Speech Perception Laboratory
     Lab Publications
     Publication Abstracts
     Conference Abstracts
 
Psychology Department
NU Home

Abstracts of Representative Publications

Theodore, R.M., Miller, J.L., and DeSteno, D. (2009). Individual talker differences in voice-onset-time: Contextual influences. Journal of the Acoustical Society of America, 125, 3974-3982.

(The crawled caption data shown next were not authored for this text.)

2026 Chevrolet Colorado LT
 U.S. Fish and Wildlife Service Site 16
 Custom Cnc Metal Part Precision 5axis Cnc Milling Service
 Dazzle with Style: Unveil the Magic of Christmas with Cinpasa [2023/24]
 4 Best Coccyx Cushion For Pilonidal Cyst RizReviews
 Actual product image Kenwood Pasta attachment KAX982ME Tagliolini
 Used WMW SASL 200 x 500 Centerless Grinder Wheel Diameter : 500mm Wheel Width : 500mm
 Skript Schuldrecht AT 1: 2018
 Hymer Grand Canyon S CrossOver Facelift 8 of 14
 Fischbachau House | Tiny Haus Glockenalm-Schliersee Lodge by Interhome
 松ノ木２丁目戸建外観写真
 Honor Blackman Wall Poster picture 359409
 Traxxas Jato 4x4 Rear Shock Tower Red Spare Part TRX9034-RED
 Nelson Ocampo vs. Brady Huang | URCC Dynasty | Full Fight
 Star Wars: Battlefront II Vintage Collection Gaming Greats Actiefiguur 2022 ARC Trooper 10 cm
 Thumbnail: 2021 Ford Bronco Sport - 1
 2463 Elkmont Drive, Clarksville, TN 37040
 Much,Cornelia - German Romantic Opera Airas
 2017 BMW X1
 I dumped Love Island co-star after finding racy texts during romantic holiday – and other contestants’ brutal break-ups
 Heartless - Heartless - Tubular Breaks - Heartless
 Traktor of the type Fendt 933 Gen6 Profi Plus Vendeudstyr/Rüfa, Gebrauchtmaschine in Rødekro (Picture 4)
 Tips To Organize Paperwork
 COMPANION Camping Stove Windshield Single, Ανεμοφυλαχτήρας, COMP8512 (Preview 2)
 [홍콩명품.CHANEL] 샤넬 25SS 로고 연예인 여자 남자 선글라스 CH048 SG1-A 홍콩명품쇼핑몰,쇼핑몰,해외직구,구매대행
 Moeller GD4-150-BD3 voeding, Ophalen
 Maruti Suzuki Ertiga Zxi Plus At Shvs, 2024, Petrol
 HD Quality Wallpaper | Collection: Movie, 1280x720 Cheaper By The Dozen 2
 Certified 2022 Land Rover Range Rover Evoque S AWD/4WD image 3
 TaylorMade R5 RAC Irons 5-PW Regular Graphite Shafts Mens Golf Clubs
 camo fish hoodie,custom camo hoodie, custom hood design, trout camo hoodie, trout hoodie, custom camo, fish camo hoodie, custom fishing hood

Previous research indicates that talkers differ in phonetically relevant properties of speech, including voice-onset-time (VOT) in word-initial stop consonants; some talkers have characteristically shorter VOTs than others. Previous research also indicates that VOT is robustly affected by contextual influences, including speaking rate and place of articulation. This paper examines whether these contextual influences on VOT are themselves talker-specific. Many tokens of alveolar /ti/ (Experiment 1) or labial /pi/ and velar /ki/ (Experiment 2) were elicited from talkers across a range of rates. VOT and vowel duration (a metric of rate) were measured for each token. Hierarchical linear modeling analyses showed that: (1) VOT increased as rate slowed for all talkers, but the magnitude of the increase varied significantly across talkers; thus the effect of rate on VOT was talker-specific; (2) the talker-specific effect of rate was stable across a change in place of articulation; and (3) for all talkers VOTs were shorter for labial than velar stops, and there was no significant variability in the magnitude of this displacement across talkers; thus the effect of place on VOT was not talker-specific. The implications of these findings for how listeners might accommodate talker differences in VOT during speech perception are discussed.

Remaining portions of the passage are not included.